Second, they need to (BE TAUGHT) the school rules and that they must abide by them in order to be successful in school and to stay out of trouble. They must be told to use their HOME rules at HOME. And they need to be told they MUST use the school rules at school. If teachers or administrators will take the time to explain the school rules, I think the kids will do their best to comply.
It would be wonderful if every teacher understood where the poverty kids are coming from. But 10 to 15 percent of the teachers send 85% of the students to the principal. I am sure these are the poverty kids and the characteristics at the top of the page are the underlying factors in their behavior and that is why they are getting in trouble. Now that YOU understand the reason for the behavior, you can understand the student, and I know you will come up with some unique ideas on how to assist that student.
Do you find it hard to understand students in poverty? Poverty students seem to have no higher goals for jobs or education. Please understand that they do have goals. Those goals are to have food, shelter, and a few clothes for their back. They also may have a goal of trying to stay alive. In very bad situations, they may rightly believe they may not be alive tomorrow, so why should they plan anything further than right now, today.
Source: A framework for Understanding Poverty Ruby Payne, Ph.D The leading U.S. expert on the mindsets of Poverty, Middle Class, and Wealth.
March 20th, 2008 at 11:15 am
Bravo! Dorothy, good job in choosing a helpful topic from Payne’s vastly informative book. I hope students read this and find themselves and their friends in the behavior, plus take the hint to teach or discuss the way rules are set up in schools, pools, play grounds, etc. We can all get along better with good understandings and rules! Dale
March 24th, 2008 at 9:07 am
Doro-Zorro, The pen is mightier than the sword!
Those of us who have lived be a certain set of rules or made them ourselves can often forget how they work for people of different circumstances. Hope this entry is controversial enough to draw people to the blog and into thought. Anita
April 3rd, 2008 at 5:23 am
[…] in the Boston Globe (online), Drake Bennett has some fresh thinking about poverty (maybe already voiced by Ruby Payne). People in poverty exhibit what would be an “irrational” approach to money, work, and […]
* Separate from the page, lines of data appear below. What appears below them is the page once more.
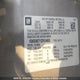 1GKS2KE71CR154662 2012 GMC Yukon auction photo thumbnail 7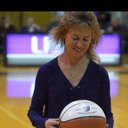 Trevor Gardner - @gardnertrevor23 - Twitter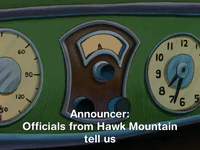 hey arnold nickelodeon GIF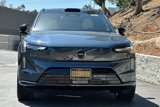 New 2025 Volvo EX90 Ultra image 3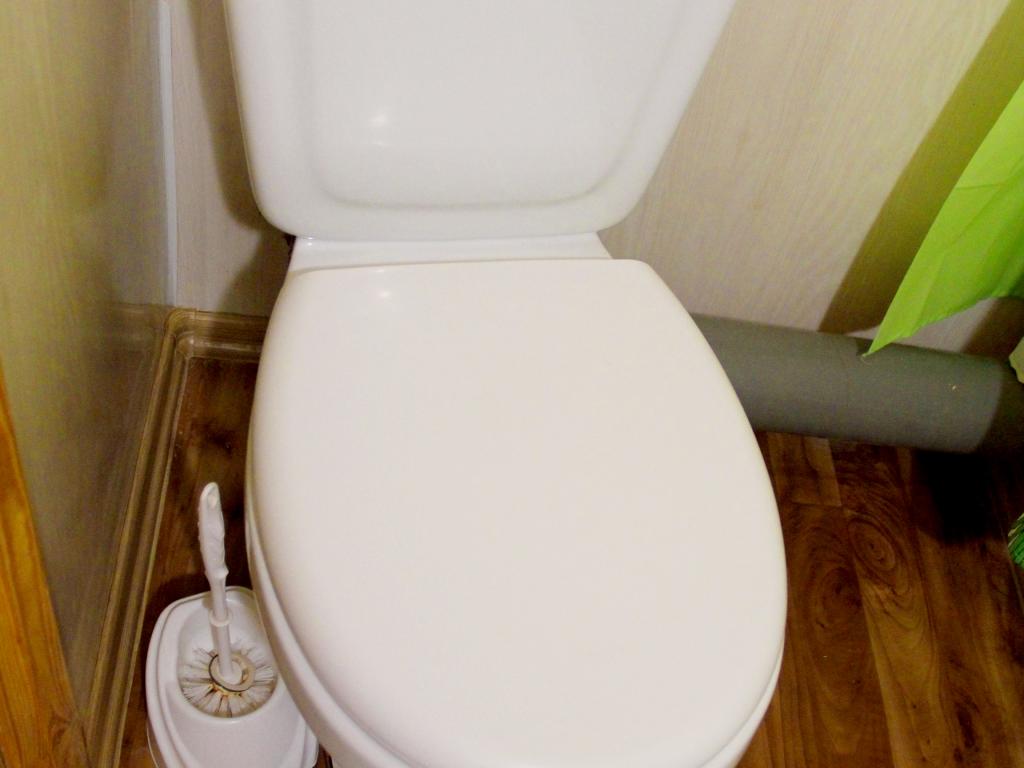 Караголь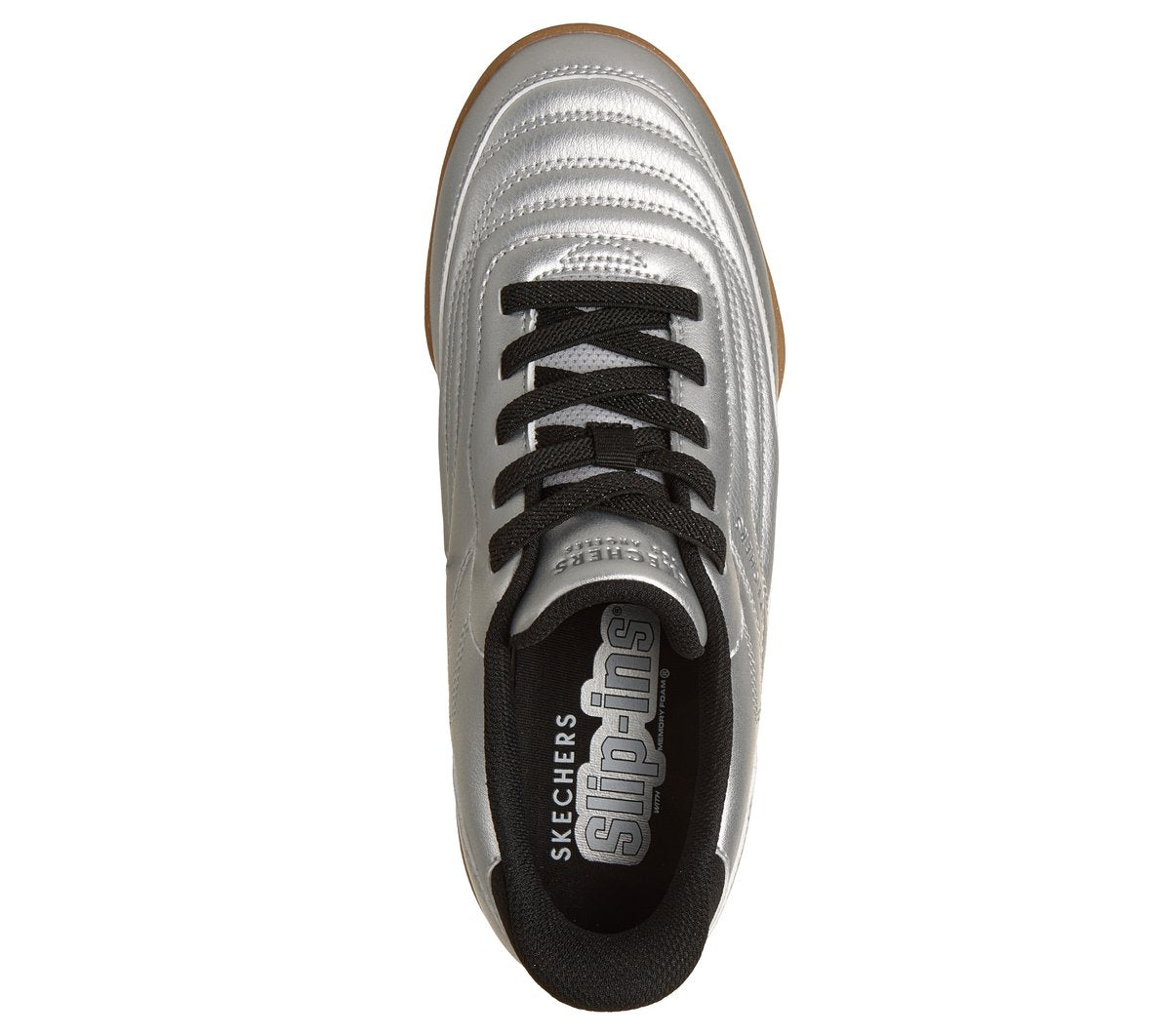 Skechers Skechers Slip-ins: Zinger Evo - Off Tha Pitch Women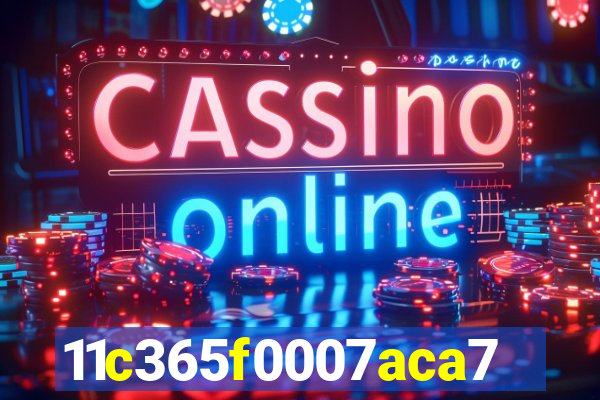 6566com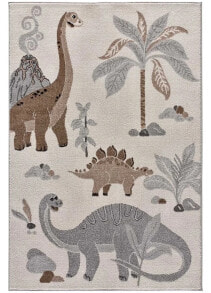 Children's carpets and rugs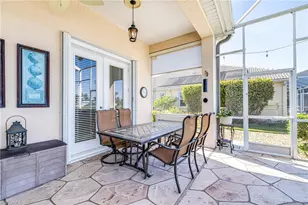 13795 Bald Cypress Cir, Fort Myers, FL 33907 - Photo 37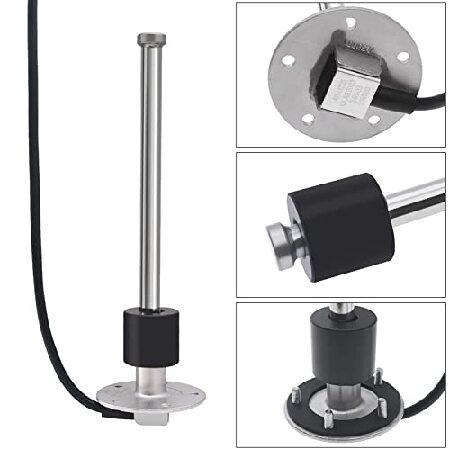 ハル ヴァレンティモト ジュエルLEDヘッドバルブZXシリーズ6000K ヴァレンテ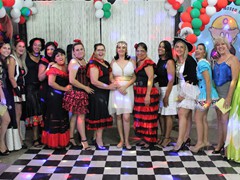 IMG_5755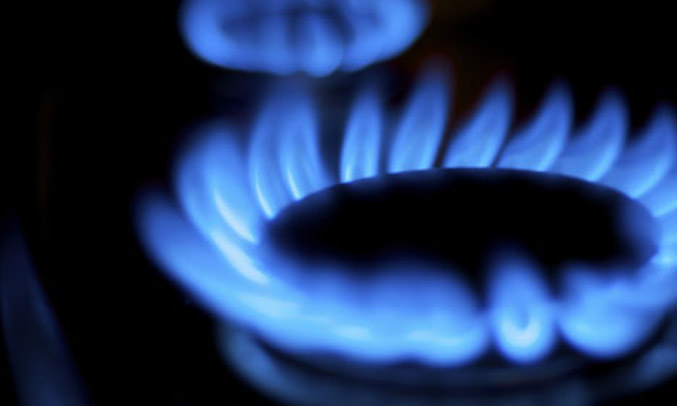 Bếp gas du lịch Namilux NH-540DFM đánh lửa nhanh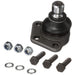 Suspension Ball Joint Delphi TC207
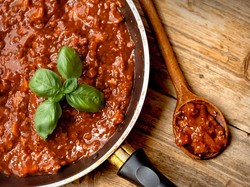 Lakukan 10 Cara Praktis Ini Agar Tak Banyak Bahan Makanan Terbuang (1)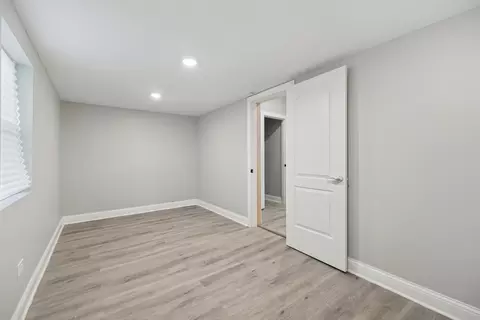 217 N Lorel Ave, Chicago, IL 60644 photo 20
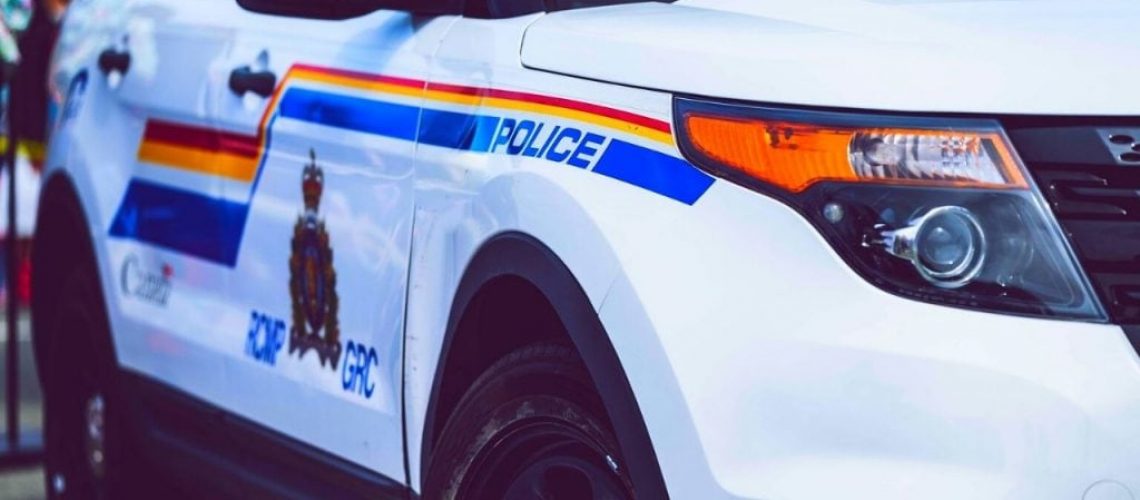 Policia-Montada-Canada-SATURADA-1024x576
April 5th, 2008 at 7:41 pm
[…] in the Boston Globe (online), Drake Bennett has some fresh thinking about poverty (maybe already voiced by Ruby Payne). People in poverty exhibit what would be an “irrational” approach to money, work, and wealth for […]
May 3rd, 2008 at 10:34 am
If schools were taught to teach RICH kids goals of empathy, a modicum of generosity, learning to pay fair wages, civic responsibility with their wealth, and to NOT look their noses down on poor kids, wouldn’t school be a less painful place?
Who deals with the RICH snotty kids who mock someone because they are not wearing the “right brand” of boring old bluejeans? or when the mother is trying so hard to help her daughter to fit in,and cinched in the belt tight and bot some expensive brand from the Meyers store, then back in school the kid got the nasty comment from the snot nose: “How could YOUR mother afford those?”
THOSE rich kids KNOW money, but they don’t operate on much empathy or kindness. Who is going to take them on in the school system?